**DIRECTIONS**
Return the material unaltered, line by line.

*** SUPPLIED RECORDS Section Begins ***

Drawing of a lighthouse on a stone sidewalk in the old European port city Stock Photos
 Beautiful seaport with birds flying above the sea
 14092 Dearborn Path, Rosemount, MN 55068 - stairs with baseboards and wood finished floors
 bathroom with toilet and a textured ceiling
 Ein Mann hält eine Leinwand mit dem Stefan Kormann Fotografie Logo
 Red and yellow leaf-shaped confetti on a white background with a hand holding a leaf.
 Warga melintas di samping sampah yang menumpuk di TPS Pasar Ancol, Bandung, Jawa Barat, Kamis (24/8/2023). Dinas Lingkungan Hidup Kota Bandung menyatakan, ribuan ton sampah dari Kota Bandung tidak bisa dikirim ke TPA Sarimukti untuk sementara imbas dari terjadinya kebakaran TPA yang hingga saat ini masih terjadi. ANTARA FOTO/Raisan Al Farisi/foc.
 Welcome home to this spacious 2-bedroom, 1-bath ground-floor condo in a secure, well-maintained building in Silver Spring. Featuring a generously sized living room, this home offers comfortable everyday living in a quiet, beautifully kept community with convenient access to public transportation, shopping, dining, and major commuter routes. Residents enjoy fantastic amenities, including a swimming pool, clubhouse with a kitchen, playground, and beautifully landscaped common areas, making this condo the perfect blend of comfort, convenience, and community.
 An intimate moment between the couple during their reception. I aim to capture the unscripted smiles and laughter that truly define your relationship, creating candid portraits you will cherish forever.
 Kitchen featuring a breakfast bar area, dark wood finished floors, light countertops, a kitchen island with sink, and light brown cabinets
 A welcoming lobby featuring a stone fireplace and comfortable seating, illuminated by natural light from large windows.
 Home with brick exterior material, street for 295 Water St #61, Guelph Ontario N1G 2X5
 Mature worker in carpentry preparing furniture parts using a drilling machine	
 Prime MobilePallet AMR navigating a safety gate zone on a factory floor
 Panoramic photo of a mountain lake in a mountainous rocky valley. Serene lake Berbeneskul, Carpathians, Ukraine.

*** SUPPLIED RECORDS Section Ends ***

**SOLVED EXERCISE**
Drawing of a lighthouse on a stone sidewalk in the old European port city Stock Photos
 Beautiful seaport with birds flying above the sea
 14092 Dearborn Path, Rosemount, MN 55068 - stairs with baseboards and wood finished floors
 bathroom with toilet and a textured ceiling
 Ein Mann hält eine Leinwand mit dem Stefan Kormann Fotografie Logo
 Red and yellow leaf-shaped confetti on a white background with a hand holding a leaf.
 Warga melintas di samping sampah yang menumpuk di TPS Pasar Ancol, Bandung, Jawa Barat, Kamis (24/8/2023). Dinas Lingkungan Hidup Kota Bandung menyatakan, ribuan ton sampah dari Kota Bandung tidak bisa dikirim ke TPA Sarimukti untuk sementara imbas dari terjadinya kebakaran TPA yang hingga saat ini masih terjadi. ANTARA FOTO/Raisan Al Farisi/foc.
 Welcome home to this spacious 2-bedroom, 1-bath ground-floor condo in a secure, well-maintained building in Silver Spring. Featuring a generously sized living room, this home offers comfortable everyday living in a quiet, beautifully kept community with convenient access to public transportation, shopping, dining, and major commuter routes. Residents enjoy fantastic amenities, including a swimming pool, clubhouse with a kitchen, playground, and beautifully landscaped common areas, making this condo the perfect blend of comfort, convenience, and community.
 An intimate moment between the couple during their reception. I aim to capture the unscripted smiles and laughter that truly define your relationship, creating candid portraits you will cherish forever.
 Kitchen featuring a breakfast bar area, dark wood finished floors, light countertops, a kitchen island with sink, and light brown cabinets
 A welcoming lobby featuring a stone fireplace and comfortable seating, illuminated by natural light from large windows.
 Home with brick exterior material, street for 295 Water St #61, Guelph Ontario N1G 2X5
 Mature worker in carpentry preparing furniture parts using a drilling machine	
 Prime MobilePallet AMR navigating a safety gate zone on a factory floor
 Panoramic photo of a mountain lake in a mountainous rocky valley. Serene lake Berbeneskul, Carpathians, Ukraine.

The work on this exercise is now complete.